После того как все ушли, хозяйка позвала к столу и нас, и мы наелись всего такого вкусного, о чем не могли и мечтать.
Поминки по тамошнему обычаю собирались потом на двадцатый день, на сороковой, на шестидесятый и через год. Все они происходили по тому же образцу, как и первый раз, и для нас среди нашего голодного существования были как настоящий праздник.
Еще до того, как умер старик, пришла похоронка на Василия. После мобилизации его направили в училище, оттуда через три месяца выпустили в звании лейтенанта. На фронт он попал командиром пулеметного взвода и в первом же бою погиб. Не помню, чтобы хозяйка как-то заметно выражала свое горе.

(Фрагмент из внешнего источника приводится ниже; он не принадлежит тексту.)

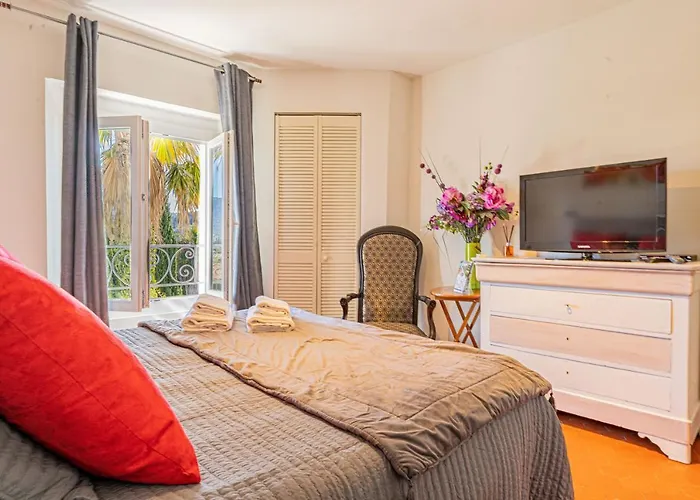 Domaine De L'aufrene 3* הייר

Это была сильная женщина, настоящая крестьянка. Земля и труд кормили ее, они же питали ее дух.
Мать приносила мне подшивки газет, кажется, это были «Известия», я читал все, что печаталось о войне. А в конце осени или в начале зимы в деревне произошло странное брожение. Еще был жив и даже не болел наш хозяин. В школе вдруг ученики разрисовали мелом, где только можно было, фашистскую свастику. Нарисовали на собственных валенках, на рукавах. Кажется, именно в это время хозяин наш особенно часто объявлял Сталина дураком, а Дитера умницей. Потом как-то вдруг все фашистские знаки исчезли. Думаю, это произошло, когда и Москва, и Советский Союз переживали роковые дни сорок первого года. Наивные крестьяне, которых изнасиловала советская власть, надеялись и ждали, что Гитлер освободит их от колхозов.
В деревне у меня завелись знакомства. Я стал бывать в некоторых избах, из которых ближе всех была соседняя с нами изба Прокудиных. Там жили Ленька и Галка, с которыми я учился, были у них еще и меньшие дети.

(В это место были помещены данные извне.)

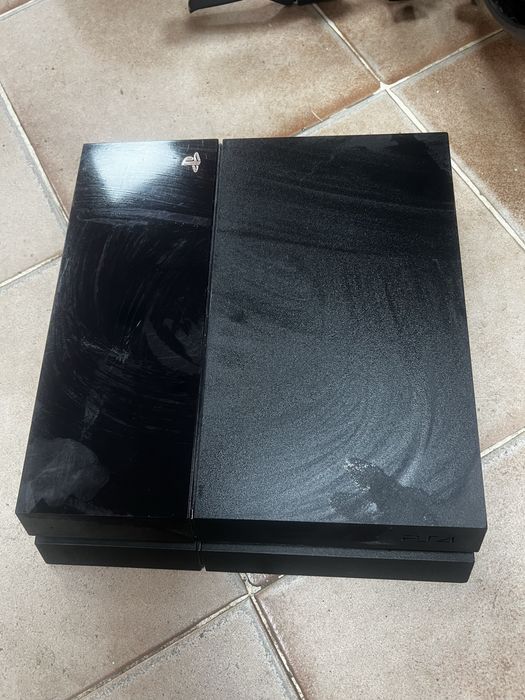 Playstation 4 за части два броя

Прокудины жили беднее нашей хозяйки. На окнах у нас стояли горшочки с геранью, которая постоянно цвела. На стенке, противоположной красному углу горницы, отгораживавшей кухню, висел поставец в виде затейливо застекленного шкафчика. Штукатуреные и побеленные стены придавали избе опрятный вид. В кухне тоже были цветы, стол там был покрыт клеенкой. Печь располагалась так, что ее можно было обойти вокруг. Наверху она была обложена брусом, для того чтобы на ней можно было сушить зерно. В узком проходе из кухни между стеной и печью стояли ведра с водой, лохань для помоев. Здесь была устроена лесенка на печь. Под лесенкой находился люк в подполье. Брус и лесенка были покрашены охрой, имели приятный вид. У Прокудиных же, кроме такой же буржуйки, в горнице были только дощатый стол да лавки вдоль голых, нештукатуреных стен.

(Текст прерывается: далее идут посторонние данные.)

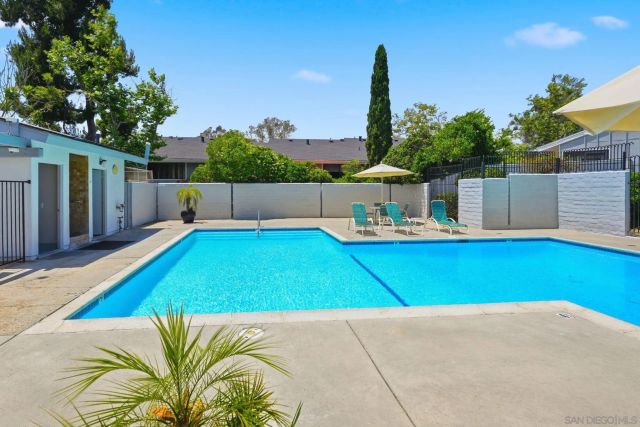 8067 Caminito Mallorca, La Jolla, CA 92037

Галка показывала фокусы, суть которых сводилась к обману, в результате чего мне что-нибудь засовывали в рот или выливали на голову воду.
Ленька был вроде товарищ, однако сомнительный. Летом помог мне поставить па пруду перемет, но когда на другой день я поехал на лодке проверять, то не нашел его, а увидел потом брошенным на горе. И кто-то из мальчишек сказал, что тот же Ленька и обворовал мой перемет, на который попалась пара крупных окуней. Сам же Ленька божился, что он ни при чем.
К Прокудиным раза два приезжал отец, находившийся, как инвалид, на трудовом фронте. Он хромал, у него было что-то с ногой. На деревне ходил слух, что он симулянт, что на ноге он сам сделал что-то, чтобы не взяли на фронт. На побывке он с утра до ночи работал на своем подворье, поднимал огромные тяжести, стараясь сделать как можно больше для дома. Соседи все это примечали.
Чаще всего я бывал у Демидова Мишки. Изба эта была совершенно чудесным местом, являя собой диво, какого во всей своей жизни никогда больше я не видел, даже не слышал о таком. Когда-то в избе начинался пожар – внутри она обгорела до черноты, особенно потолок, вид имела мрачный, темный, бревенчатые стены сильно закоптились.